Regarding learning performance, online engagement, and system usage analytics, pretest, and posttest scores were used to decide whether there was a statistically significant difference between the pretest and posttest and the two groups. In the study, paired sample t-test and Analysis of Covariance (ANCOVA) were used to compare the students’ achievement scores and the answers given to the self-reported scales. The normality of the data was checked, and the kurtosis and skewness were found to be between − 1.5 and 1.5. ANCOVA assumptions were tested. These analyses were carried out by the Statistical Package for the Social Sciences (SPSS) and a significance level of p < 0.05 was adopted for the study.

Students’ navigation and engagement behaviors were automatically recorded by Moodle. These data identified online learning behavior, which is thought to be important in representing students’ engagement in learning management systems. In this definition, Tlili et al. (2023) was taken as a basis and the suitability of this framework for the research was evaluated. As a result of this evaluation, a coding scheme was created. System data and weekly student reflections were evaluated to determine behavioral sequences according to this scheme. Sequence analysis was performed with syntax in IBM SPSS 24 to visualize and compare behavioral sequences. Additionally, t-tests were conducted to measure differences between groups regarding learning performance and online student engagement.

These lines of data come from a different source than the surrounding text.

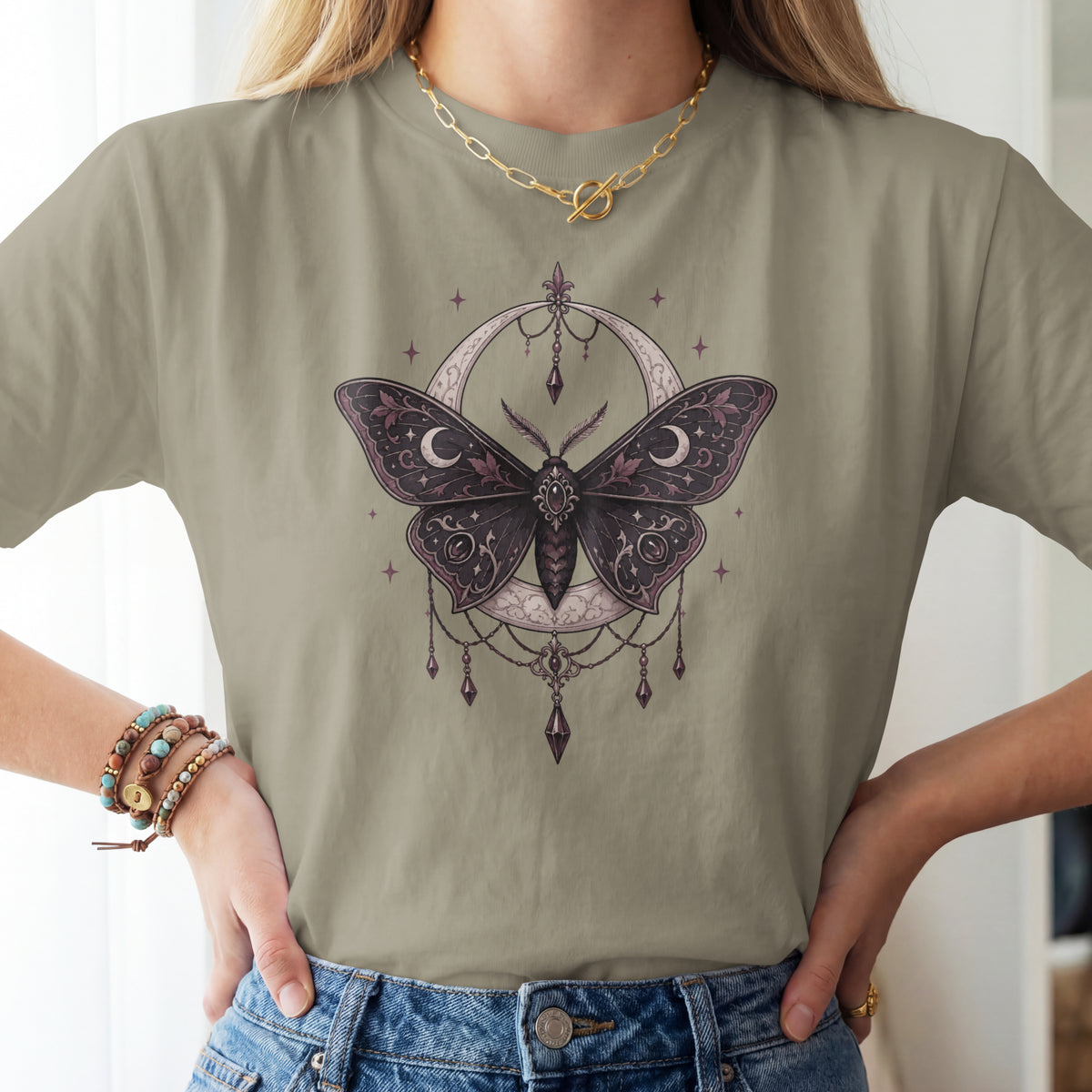 A woman wearing a sage green t-shirt with a detailed graphic of a dark purple moth inside a crescent moon and dreamcatcher design, paired with blue jeans.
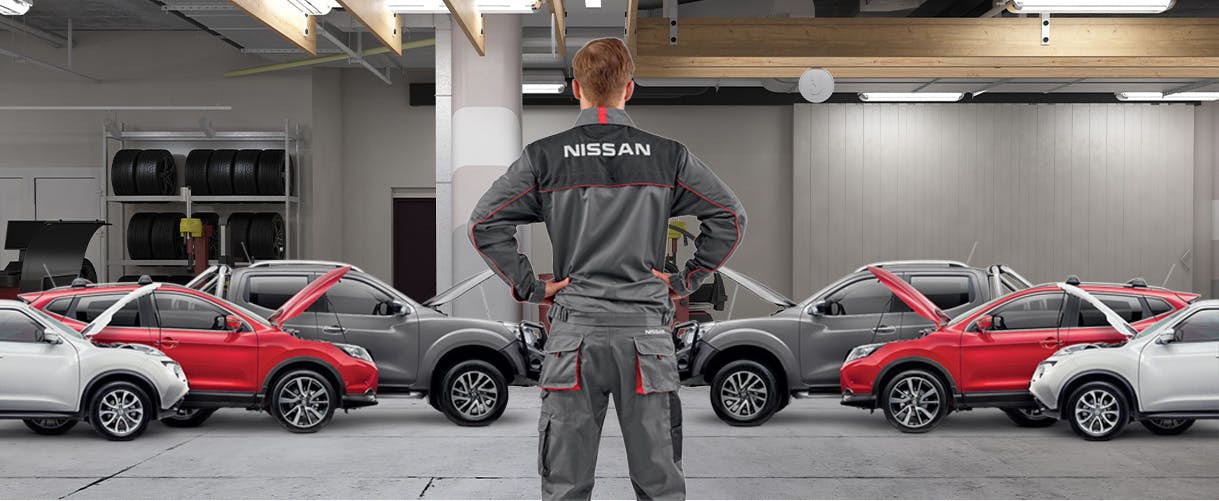Nissan tech looking at his parked cars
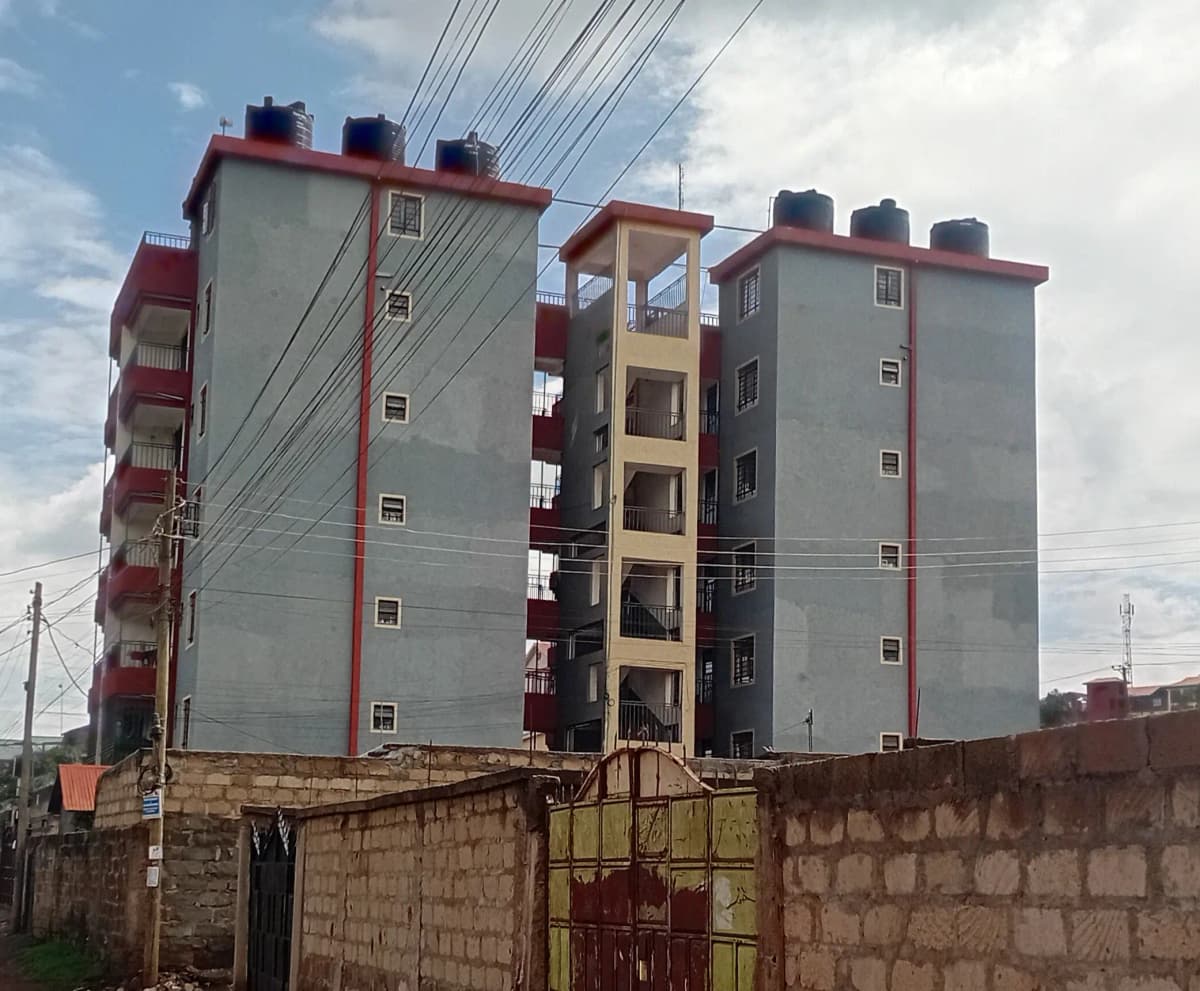 Multi-story residential apartment buildings with red-trimmed facade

This study conducted a lag sequential analysis (LSA) to identify, visualize, and compare key transition patterns between engagement behavior codes displayed by groups. First, engagement behaviors were coded as a series of behaviors in chronological order. The coding process was reviewed with a field expert and discussions were held in cases where differences of opinion occurred. Consensus was reached for all rankings. Tlili et al., which includes 12 behaviors under five headings. A rubric was created based on the framework proposed by (2023). A pattern was created by marking individual students’ behaviors, system navigation behaviors, and teacher observation notes. This model was analyzed with a script written in SPSS. The analysis provided results regarding the number of times the behavior was performed and which transitions between behaviors were meaningful (See Table 1).

Table 1 The coding scheme for online learners’ engagement behaviors on learning management systems (Tlili et al., 2023)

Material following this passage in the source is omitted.